He conveniently ignores the existing massive multi-billion dollar annual waste in our federal government which if only partially eliminated would more than pay for any beneficial new programs and still actively eliminate the debt over a reasonably short period.

Congress and the president won't even consider proposed H.R. 1392, entitled the Spending Priorities Reform Act, sponsored by Reps. Harris Fowell (R-Ill.) and Tim Penny (D-Minn.) which contains a mechanism for elimination of 747 questionable pork-barrel projects costing $1.963 billion.

Martin L. Gross in his book, "Government Racket: Washington Waste from A to Z," enumerates 265 pages of waste totaling many billions of tax dollars. Just a few items:

About the time of World War I, we decided we would need helium for blimps in our defense effort. This program has continued, despite the absence of need for it since that time, and we have stored enough helium for our anticipated needs until 2100.
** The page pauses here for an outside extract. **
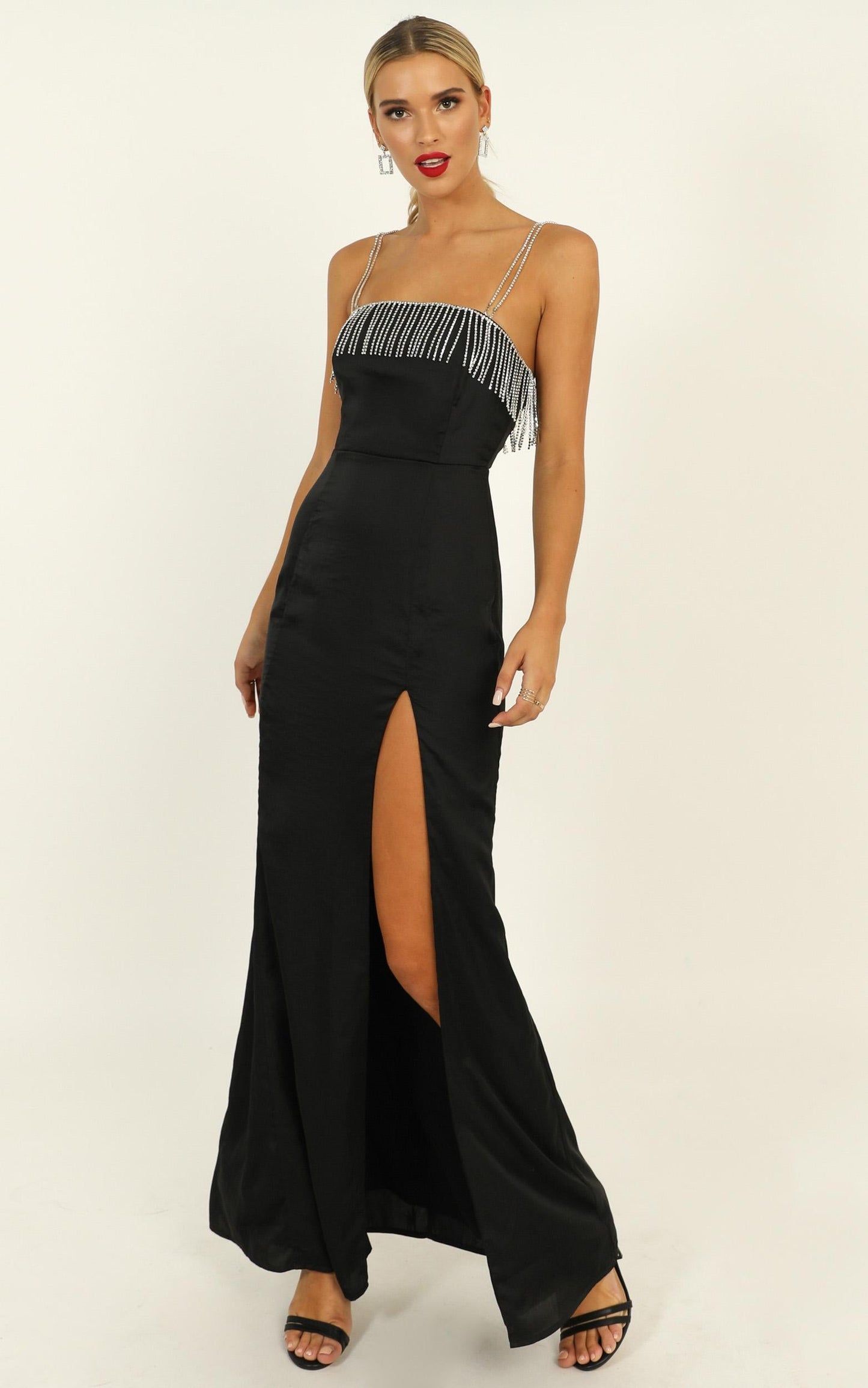 Absolutely Flawless Dress In Black Satin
This program alone has us in debt to the tune of $1.2 billion, and the interest alone is costing us $100 million annually.
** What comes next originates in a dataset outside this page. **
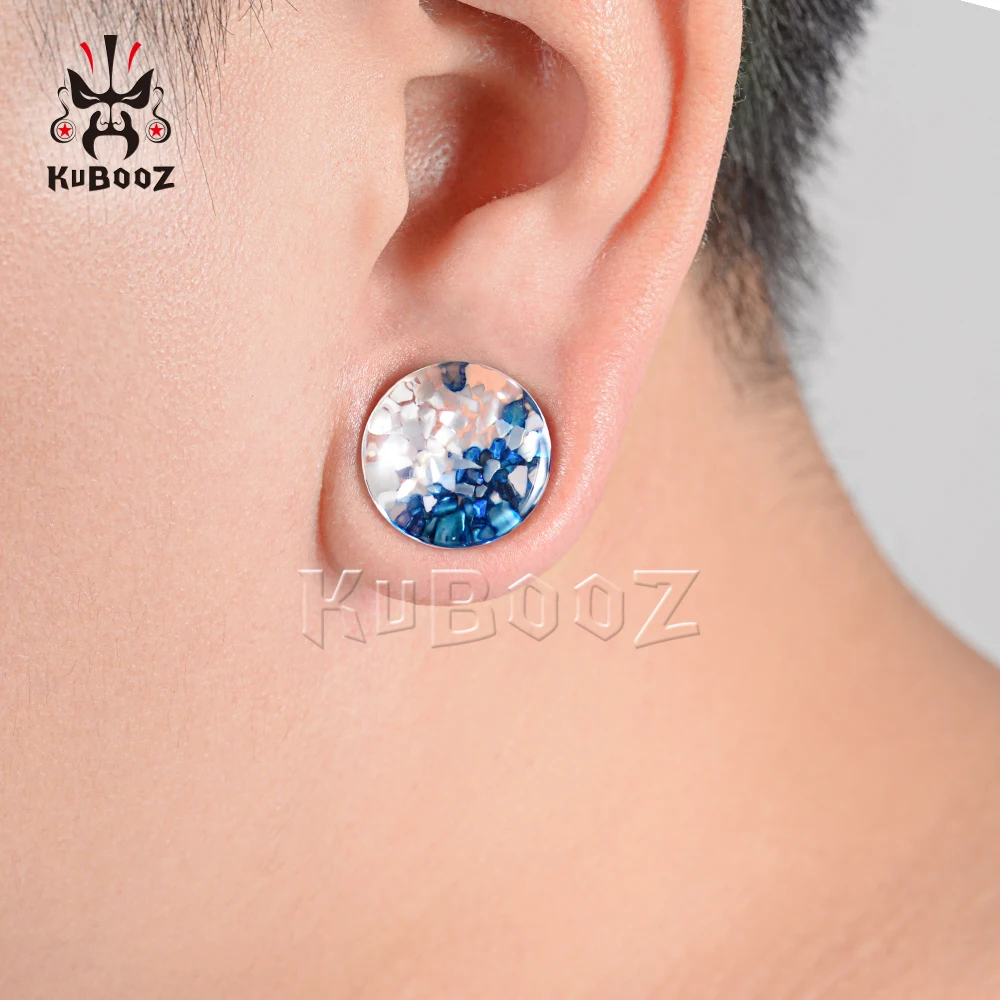 KUBOOZ New Popular Fashion Shell Acrylic Ear Piercing Plugs Stretchers Body Jewelry Earring Tunnels Gauges Expanders One Pair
At the turn of the century, the Agriculture Dept. had 3,000 employees to service 6 million farmers.

Today it has 60,000 "workers" for approximately one million full-time farmers and another million part-time ones.

There is still on the books a law dating back to the 1800s which mandates that the Interior Department sell its land for $2.50 an acre. This was to encourage the development of the West.

This same department is purchasing land today at an average $50,000 an acre. Yet mining companies are legally stealing this land at 19th Century prices and extracting an estimated $3 billion worth of minerals annually without paying royalties.

One Canadian company is presently claiming title to land at these prices which is estimated to contain at least $10 billion in gold.

To add insult to injury, when the resultant wastes of their mining activity cost millions to reclaim the land, our government (you and me) must pay that cost. Etc., etc.

Let's get our government house in order before we allow them to burden us with more taxes. Don't let the politicians hoodwink us again. No new taxes up front.